# PROVIDED DATA
────────

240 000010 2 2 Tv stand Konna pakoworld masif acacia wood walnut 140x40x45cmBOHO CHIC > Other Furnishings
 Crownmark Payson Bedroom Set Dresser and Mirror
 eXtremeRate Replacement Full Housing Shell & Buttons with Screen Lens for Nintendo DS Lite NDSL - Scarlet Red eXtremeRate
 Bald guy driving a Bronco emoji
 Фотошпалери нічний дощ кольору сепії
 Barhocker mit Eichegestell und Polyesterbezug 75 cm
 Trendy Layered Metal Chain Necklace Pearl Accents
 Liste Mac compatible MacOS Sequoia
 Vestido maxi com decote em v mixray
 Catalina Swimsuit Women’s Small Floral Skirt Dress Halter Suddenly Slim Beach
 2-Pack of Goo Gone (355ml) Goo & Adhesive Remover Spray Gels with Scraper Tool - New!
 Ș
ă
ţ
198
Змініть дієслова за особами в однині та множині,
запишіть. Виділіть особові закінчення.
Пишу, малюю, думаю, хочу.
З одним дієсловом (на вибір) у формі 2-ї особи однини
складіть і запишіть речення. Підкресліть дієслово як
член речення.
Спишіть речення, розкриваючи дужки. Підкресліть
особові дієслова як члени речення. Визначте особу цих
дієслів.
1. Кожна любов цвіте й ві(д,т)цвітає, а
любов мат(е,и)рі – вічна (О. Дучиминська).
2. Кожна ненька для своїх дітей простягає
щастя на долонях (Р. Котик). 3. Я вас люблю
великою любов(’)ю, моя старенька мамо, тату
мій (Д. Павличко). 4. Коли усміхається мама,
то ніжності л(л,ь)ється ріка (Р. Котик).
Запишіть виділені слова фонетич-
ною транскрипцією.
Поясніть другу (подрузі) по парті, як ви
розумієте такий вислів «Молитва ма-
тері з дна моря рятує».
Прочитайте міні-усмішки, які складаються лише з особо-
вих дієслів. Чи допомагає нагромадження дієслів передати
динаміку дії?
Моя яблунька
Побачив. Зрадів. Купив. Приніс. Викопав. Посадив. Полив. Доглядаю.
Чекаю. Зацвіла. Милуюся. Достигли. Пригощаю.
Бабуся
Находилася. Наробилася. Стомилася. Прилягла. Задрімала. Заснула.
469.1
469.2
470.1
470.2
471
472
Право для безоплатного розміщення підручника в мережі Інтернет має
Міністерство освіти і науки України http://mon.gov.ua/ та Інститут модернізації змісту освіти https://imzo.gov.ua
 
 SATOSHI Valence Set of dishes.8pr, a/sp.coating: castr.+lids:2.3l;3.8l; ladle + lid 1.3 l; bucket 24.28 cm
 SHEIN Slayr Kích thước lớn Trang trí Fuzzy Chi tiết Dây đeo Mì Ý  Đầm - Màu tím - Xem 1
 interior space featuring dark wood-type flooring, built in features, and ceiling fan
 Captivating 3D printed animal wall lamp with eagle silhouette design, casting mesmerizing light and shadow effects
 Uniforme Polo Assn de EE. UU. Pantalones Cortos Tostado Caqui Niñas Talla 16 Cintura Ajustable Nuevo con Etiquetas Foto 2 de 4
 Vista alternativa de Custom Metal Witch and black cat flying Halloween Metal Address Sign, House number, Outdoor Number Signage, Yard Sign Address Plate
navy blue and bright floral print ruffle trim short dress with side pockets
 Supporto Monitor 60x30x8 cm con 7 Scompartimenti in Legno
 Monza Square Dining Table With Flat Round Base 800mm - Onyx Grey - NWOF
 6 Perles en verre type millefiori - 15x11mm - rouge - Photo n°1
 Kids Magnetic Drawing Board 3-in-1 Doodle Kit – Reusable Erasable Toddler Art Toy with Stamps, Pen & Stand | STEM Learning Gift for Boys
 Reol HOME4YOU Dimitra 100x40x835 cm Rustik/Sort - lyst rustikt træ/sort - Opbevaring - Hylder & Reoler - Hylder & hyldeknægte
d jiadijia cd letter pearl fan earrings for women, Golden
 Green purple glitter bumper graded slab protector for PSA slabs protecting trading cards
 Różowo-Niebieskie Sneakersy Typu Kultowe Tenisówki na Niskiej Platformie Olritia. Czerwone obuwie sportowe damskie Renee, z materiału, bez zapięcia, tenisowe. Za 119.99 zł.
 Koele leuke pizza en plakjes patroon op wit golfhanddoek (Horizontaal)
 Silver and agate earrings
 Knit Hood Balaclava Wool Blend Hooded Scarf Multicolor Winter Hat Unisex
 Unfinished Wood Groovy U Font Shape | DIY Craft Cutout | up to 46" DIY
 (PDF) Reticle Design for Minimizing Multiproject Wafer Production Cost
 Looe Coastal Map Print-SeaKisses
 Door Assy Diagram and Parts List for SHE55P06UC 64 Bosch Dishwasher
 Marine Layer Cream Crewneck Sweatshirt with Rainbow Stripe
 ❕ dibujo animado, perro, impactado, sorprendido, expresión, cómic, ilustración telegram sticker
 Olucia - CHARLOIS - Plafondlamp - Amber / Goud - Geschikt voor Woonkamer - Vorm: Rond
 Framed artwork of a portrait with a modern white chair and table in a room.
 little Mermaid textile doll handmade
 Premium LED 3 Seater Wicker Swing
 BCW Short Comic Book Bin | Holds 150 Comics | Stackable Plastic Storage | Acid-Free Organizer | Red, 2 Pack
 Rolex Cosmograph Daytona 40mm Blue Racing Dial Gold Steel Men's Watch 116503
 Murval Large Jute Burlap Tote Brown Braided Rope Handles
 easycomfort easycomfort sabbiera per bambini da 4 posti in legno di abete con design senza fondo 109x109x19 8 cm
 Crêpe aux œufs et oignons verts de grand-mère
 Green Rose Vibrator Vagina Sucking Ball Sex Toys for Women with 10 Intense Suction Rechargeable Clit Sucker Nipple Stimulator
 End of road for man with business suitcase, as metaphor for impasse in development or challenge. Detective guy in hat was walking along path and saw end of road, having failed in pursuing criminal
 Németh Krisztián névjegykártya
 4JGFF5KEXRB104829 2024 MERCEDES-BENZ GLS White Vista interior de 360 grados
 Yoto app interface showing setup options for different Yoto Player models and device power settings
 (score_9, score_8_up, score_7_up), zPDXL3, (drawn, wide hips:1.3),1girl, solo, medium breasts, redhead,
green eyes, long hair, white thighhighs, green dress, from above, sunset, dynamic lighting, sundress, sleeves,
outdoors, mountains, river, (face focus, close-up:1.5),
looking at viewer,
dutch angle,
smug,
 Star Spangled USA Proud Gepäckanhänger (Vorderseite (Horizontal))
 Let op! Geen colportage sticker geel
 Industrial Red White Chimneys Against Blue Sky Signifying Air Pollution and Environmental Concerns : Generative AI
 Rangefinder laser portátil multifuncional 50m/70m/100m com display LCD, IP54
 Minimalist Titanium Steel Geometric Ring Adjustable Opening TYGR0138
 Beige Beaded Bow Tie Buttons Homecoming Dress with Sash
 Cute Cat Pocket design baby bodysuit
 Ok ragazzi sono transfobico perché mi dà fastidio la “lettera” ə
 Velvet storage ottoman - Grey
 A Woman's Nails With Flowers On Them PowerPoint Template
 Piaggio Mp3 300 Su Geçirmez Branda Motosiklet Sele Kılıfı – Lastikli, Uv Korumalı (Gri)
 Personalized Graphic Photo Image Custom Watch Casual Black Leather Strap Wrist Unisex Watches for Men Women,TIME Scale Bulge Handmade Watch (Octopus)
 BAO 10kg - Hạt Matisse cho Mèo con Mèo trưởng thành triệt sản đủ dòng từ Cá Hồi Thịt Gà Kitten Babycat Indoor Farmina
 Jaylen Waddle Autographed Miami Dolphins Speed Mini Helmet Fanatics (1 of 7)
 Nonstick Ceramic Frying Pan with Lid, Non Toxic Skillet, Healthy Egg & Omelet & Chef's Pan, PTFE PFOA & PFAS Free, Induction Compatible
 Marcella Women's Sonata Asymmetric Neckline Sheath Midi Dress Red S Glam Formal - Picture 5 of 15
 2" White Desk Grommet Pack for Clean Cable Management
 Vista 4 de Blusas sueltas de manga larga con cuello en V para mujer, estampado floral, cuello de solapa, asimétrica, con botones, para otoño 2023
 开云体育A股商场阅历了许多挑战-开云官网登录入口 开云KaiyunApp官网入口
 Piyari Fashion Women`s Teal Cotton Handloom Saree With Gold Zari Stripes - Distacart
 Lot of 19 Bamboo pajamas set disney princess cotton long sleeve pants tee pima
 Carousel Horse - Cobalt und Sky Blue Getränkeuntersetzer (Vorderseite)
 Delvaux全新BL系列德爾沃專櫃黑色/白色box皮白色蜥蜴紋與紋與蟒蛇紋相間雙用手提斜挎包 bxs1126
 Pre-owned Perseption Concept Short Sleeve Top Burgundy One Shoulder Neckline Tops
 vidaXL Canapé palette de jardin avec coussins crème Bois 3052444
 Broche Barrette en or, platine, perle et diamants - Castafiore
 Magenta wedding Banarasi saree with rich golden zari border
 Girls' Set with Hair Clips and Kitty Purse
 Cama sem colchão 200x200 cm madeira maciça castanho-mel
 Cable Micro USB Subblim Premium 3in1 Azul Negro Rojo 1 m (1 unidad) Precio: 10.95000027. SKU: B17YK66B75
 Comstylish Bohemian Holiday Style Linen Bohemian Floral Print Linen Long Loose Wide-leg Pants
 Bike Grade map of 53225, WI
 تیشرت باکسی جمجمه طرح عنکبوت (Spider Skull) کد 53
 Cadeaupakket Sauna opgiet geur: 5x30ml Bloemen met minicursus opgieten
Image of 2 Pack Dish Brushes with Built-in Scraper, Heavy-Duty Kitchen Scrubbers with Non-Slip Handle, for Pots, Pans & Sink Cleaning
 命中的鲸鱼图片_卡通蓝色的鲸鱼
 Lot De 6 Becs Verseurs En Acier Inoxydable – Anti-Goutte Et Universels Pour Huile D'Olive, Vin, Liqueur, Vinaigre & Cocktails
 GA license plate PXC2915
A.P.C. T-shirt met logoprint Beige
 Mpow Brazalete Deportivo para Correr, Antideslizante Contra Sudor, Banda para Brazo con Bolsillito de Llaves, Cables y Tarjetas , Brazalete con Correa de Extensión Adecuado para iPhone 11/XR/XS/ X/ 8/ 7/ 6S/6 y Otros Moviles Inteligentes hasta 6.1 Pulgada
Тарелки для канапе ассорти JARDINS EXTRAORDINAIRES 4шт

────────

# PROBLEM TO WORK ON
The response should be the listing above, limited to the lines between the one holding "BAO 10kg - Hạt" and the one holding "Nonstick Ceramic Frying", inclusive, reproduced exactly.

# EXPECTED ANSWER
 BAO 10kg - Hạt Matisse cho Mèo con Mèo trưởng thành triệt sản đủ dòng từ Cá Hồi Thịt Gà Kitten Babycat Indoor Farmina
 Jaylen Waddle Autographed Miami Dolphins Speed Mini Helmet Fanatics (1 of 7)
 Nonstick Ceramic Frying Pan with Lid, Non Toxic Skillet, Healthy Egg & Omelet & Chef's Pan, PTFE PFOA & PFAS Free, Induction Compatible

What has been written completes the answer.